Con las bases de su imperio ya establecidas y siendo económicamente independiente, para la década del ’60 Disney comenzó a preocuparse por su legado y la forma en la que era visto. Estaba demasiado atado a la imagen de hombre perfecto que había creado de sí mismo y llegó a expresar amargamente, haciendo referencia especialmente a sus vicios: “No soy Walt Disney. Hago muchas cosas que Walt Disney no haría”. Más allá de estas limitaciones auto impuestas, le molestaba también lo que el percibía como la ingratitud del medio al que había dedicado su vida, simbolizado por el hecho de jamás haber recibido una nominación a mejor película en los premios Oscar, algo que finalmente sucedió en 1964 con Mary Poppins. Pero más allá de esta alegría, la década del sesenta empezó a mostrar lo atrasado que había quedado el estudio ideológicamente respecto de la realidad. En este contexto se esgrimieron las primeras críticas acerca de Disney y todo lo que su empresa había representado hasta entonces, aduciendo que el estudio se había forjado en valores anticuados, racistas y sexistas que ahora continuaba perpetuando.

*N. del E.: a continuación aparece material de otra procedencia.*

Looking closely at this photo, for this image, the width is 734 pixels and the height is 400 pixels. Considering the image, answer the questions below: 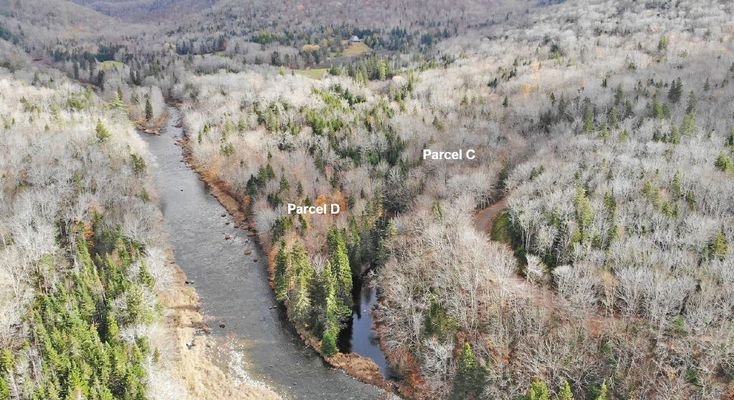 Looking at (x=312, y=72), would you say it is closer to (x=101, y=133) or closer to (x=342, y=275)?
(x=101, y=133)

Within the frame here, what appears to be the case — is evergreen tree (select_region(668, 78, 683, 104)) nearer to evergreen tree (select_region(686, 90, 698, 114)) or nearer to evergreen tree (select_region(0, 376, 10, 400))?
evergreen tree (select_region(686, 90, 698, 114))

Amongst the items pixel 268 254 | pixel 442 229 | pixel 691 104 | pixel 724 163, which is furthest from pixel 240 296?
pixel 691 104

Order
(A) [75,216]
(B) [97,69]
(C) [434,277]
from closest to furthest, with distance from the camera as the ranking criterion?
(C) [434,277]
(A) [75,216]
(B) [97,69]

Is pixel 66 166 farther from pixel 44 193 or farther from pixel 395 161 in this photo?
pixel 395 161

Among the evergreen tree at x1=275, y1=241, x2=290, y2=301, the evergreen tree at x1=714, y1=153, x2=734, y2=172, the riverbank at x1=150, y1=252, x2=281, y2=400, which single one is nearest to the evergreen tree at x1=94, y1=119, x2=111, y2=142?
the riverbank at x1=150, y1=252, x2=281, y2=400

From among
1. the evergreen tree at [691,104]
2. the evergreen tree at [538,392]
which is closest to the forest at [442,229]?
the evergreen tree at [538,392]

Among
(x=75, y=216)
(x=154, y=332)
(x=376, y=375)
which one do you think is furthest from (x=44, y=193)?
(x=376, y=375)

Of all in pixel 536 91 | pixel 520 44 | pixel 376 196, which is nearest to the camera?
pixel 376 196

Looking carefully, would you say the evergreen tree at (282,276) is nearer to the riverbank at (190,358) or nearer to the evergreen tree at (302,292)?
the evergreen tree at (302,292) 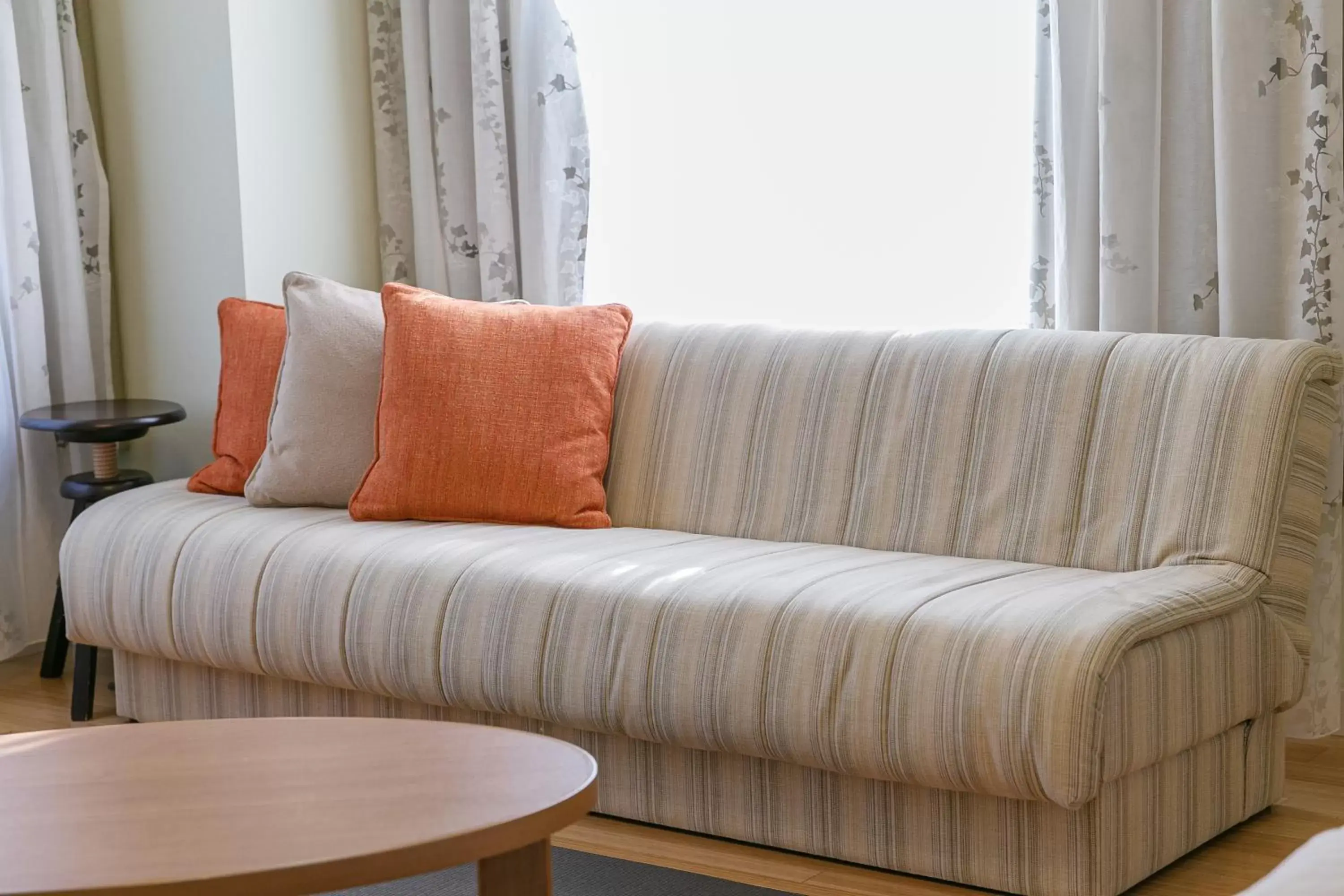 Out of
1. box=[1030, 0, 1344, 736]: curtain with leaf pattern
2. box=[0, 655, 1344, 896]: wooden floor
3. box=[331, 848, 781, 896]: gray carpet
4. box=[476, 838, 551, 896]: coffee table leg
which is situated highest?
box=[1030, 0, 1344, 736]: curtain with leaf pattern

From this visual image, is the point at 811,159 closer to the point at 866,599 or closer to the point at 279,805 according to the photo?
the point at 866,599

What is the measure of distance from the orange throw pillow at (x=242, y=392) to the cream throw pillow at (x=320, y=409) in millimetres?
100

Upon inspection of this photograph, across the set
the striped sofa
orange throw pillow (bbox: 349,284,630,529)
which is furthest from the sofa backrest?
orange throw pillow (bbox: 349,284,630,529)

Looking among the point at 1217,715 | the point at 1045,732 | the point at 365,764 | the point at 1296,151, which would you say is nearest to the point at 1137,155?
the point at 1296,151

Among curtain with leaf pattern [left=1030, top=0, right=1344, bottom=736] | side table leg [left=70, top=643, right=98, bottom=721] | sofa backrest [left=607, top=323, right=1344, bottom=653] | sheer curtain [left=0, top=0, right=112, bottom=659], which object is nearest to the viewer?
sofa backrest [left=607, top=323, right=1344, bottom=653]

Con todo esto en cuenta, para esta época Disney ya estaba muy alejado del cine y prefirió pasar los últimos años de su vida planificando el desarrollo de EPCOT en el estado de Florida. Este proyecto de “la ciudad del mañana” fue muy especial para él y dedicó muchos esfuerzos en este sentido, pero nunca llegó a ver el proyecto completo. En 1966 le descubrieron un cáncer de pulmón muy avanzado y murió el 15 de diciembre de ese año a los 65 años. No fue congelado, como muchos creen todavía, sino que sus restos fueron cremados y sus cenizas se enterraron en un parque privado. Su legado, desde ya, es indiscutible. Más allá de todas las críticas que se puedan hacer sobre su persona o sobre sus películas, para cuando murió más de 240 millones de personas habían estado expuestas a uno de sus films. Desde entonces, Walt Disney, elevado a un estado casi mítico, quedó íntimamente asociado a la cultura del siglo XX y, al día de hoy, a más de noventa años de la fundación del estudio, sigue significando algo importante para todos los que fueron niños.